Before the Sun Rises...

Ex-roommate!

It was 12 years ago today, but it still feels like that morning. A damp, cold, gray, Colorado winter morning when the sun had yet to rise and peak through my shutters stirring me from sleep. Instead, the high pierced shrill of a phone performed the sun’s daily ritual.

With receiver pressed firmly against my ear, an uneven, sterile voice greeted (if you could call it that) me.
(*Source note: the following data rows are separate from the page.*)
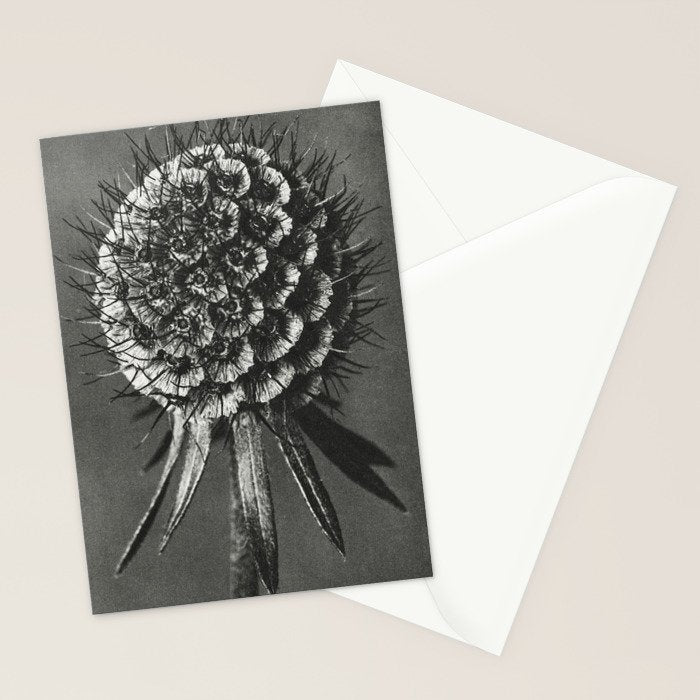 Phacelia Tanacetifolia Lacy Phacelia wonders of nature black and white photograph by Karl Blossfeldt Stationery Card Gallery Image 2
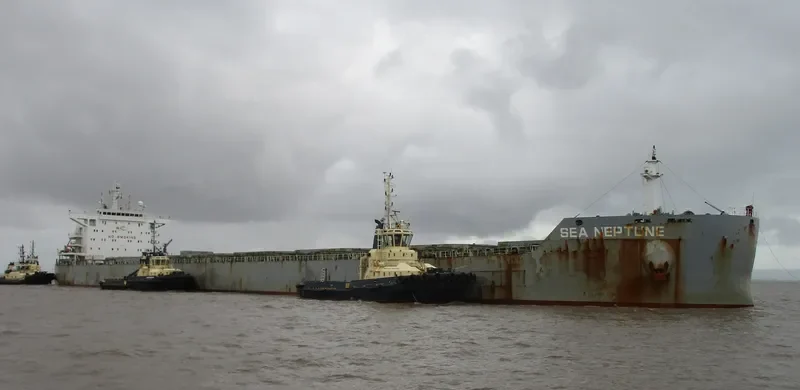 SEA NEPTUNE Bulk Carrier IMO 9603142 photo 10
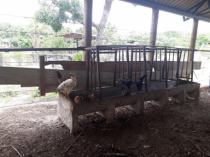 Galinhas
The unfamiliar, gravelly voice delivered a fate I still carry to this day and will until my last breath.

It only took four words.

“You have a meningioma,” the hollow voice uttered.


“A whaaaat?!” I stuttered back.


“A BRAIN TUMOR,” the voice continued, sending chills down my spine.


How do you even spell that I wanted to know as I desperately rifled through my nightstand drawer in search of a pen, a pencil—ah, heck my Mac Spice lip liner would do.


Men-in-gioma sounds more like a group of guys test-driving the latest foreign import, with all the bells and whistles, not to mention the 2.9% available financing option.


If only it could have been that simple.


The line went dead.


But surely it was me who was dead. I had become that damp, cold, gray Colorado winter morning.


Just hours later, I sat in horror as my newly appointed neurosurgeon explained the MRI I’d had the night before. Never-before-heard terms soared over my head.


Middle third sphenoid wing meningioma.

Cavernous sinus.


Lateral ventricular compression.


You’d have to be a brain surgeon to understand any of this stuff. Thankfully, the man in the overly starched, white lab coat standing in front of me was.


I forced myself to look at the snapshots of my illuminated brain. Images of a baseball-sized mass glared back at me in defiance. My husband was a major league ballplayer at the time, but I never imagined I’d be looking at the equivalent size of one in my head. Surely there had been a mix up. I was healthy, only 32 and trying to start a family. Maybe this explained my struggles to become pregnant the past year.


“You’ve probably had this tumor for over a decade,” my neurosurgeon solemnly announced.


“A decade!” I choked. I had had a “roommate” living inside of my head for 10 years? The only roommates I ever recalled having were back in college and graduate school, who shared their English Lit notes with you and gave you aspirin and a glass of water after a night of one too many beers.

I couldn’t get out of my head the Kindergarten Cop scene in which Arnold Schwarzenegger shouted, “It’s not a tumor!” I so wanted to believe this. But this wasn’t a fictional movie.

It was real life and it was mine. Surgery would be long and risky, but I didn’t have a choice. In just 8 days I would have a word I never thought would be in my vocabulary--a craniotomy.

To be continued...

p.s. And instead of a damp, cold, gray morning....we're in the middle of a blizzard!

On My Mind...

It wasn’t until a doctor matter-of-factly informed me I was incapable of having children that the desire to become a mother took a deeper hold. Apparently, growing a massive meningioma brain tumor for a decade--if not longer—was the source of my infertility during my early 30’s. Even after the successful removal of the tumor, doctors maintained their diagnosis. But I was even more determined to have the title of mom bestowed upon me despite having two craniotomies.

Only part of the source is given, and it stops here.